Le président vénézuélien Hugo Chavez a menacé lundi le Royaume-Uni de "réponses très radicales" si les autorités britanniques pénétraient par la force dans l'ambassade équatorienne de Londres pour y arrêter Julian Assange, soulignant que Quito "n'était pas seul".

"Nous apporterons des réponses très radicales si le Royaume-Uni décidait de violer la souveraineté équatorienne dans l'ambassade de l'Equateur" pour arrêter M. Assange, fondateur de WikiLeaks, a déclaré M. Chavez à des journalistes, dans un entretien diffusé par la chaîne télévisée d'Etat VTV.

"Nous suggérons au gouvernement (britannique) qu'il réfléchisse bien (auparavant), parce qu'elle est terminée, l'époque où les vieux empires et les nouveaux pouvaient faire ce qu'ils voulaient. L'Equateur n'est pas seul", a affirmé le président.

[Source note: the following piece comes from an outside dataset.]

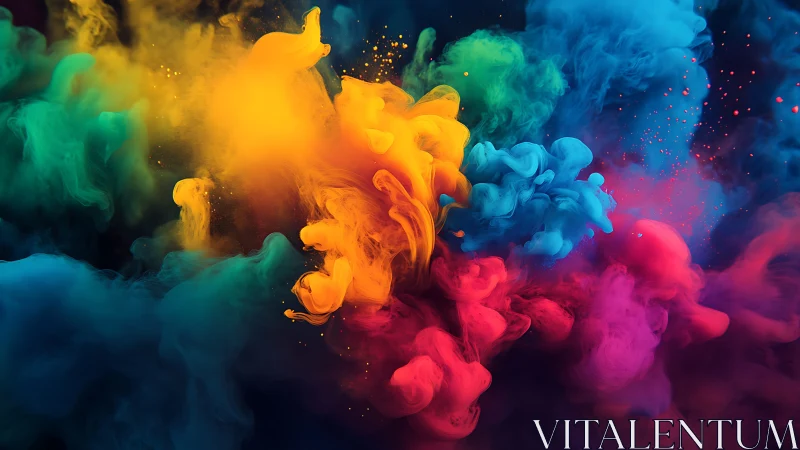 Vibrant color clouds swirl in dense abstract motion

M. Chavez, un allié proche du président équatorien Rafael Correa, n'a pas précisé en détail le type d'actions que prendrait son gouvernement, mais il a dit qu'elles étaient "en préparation".

Dans le conflit qui l'oppose au Royaume-Uni à propos du fondateur de Wikileaks, réfugié à l'ambassade équatorienne à Londres depuis le 19 juin, l'Equateur a recueilli au cours du week-end la solidarité des pays de l'Alliance bolivarienne pour les Amériques (ALBA) et de l'Union des Nations sudaméricaines (Unasur). Les ministres des Affaires étrangères de ces pays ont exhorté Quito et Londres à entamer une "négociation directe" pour résoudre leur différend.

L'Equateur se dit prêt à négocier avec Londres et Stockholm

L'Equateur est prêt à dialoguer avec le Royaume-Uni et la Suède pour trouver une solution concernant Julian Assange. "Nous sommes toujours ouverts au dialogue avec les gouvernements de Grande-Bretagne et de Suède", a indiqué M. Correa dans un entretien diffusé lundi soir par la télévision publique ECTV. Selon lui, c'est la "position intransigeante" de Londres et de la Suède qui a déclenché la crise.

"La Grande-Bretagne et la Suède ont eu une position absolument intransigeante", a insisté le président équatorien en expliquant que ces deux pays n'avaient jamais donné l'assurance que Julian Assange ne serait pas extradé vers les Etats-Unis, où il risque une longue peine de prison pour avoir divulgué des centaines de milliers de télégrammes américains confidentiels.

Le président Correa a aussi déclaré au cours de cet entretien qu'il espérait "une réponse claire et radicale" de l'organisation des Etats d'Amérique (OEA) sur le cas Assange.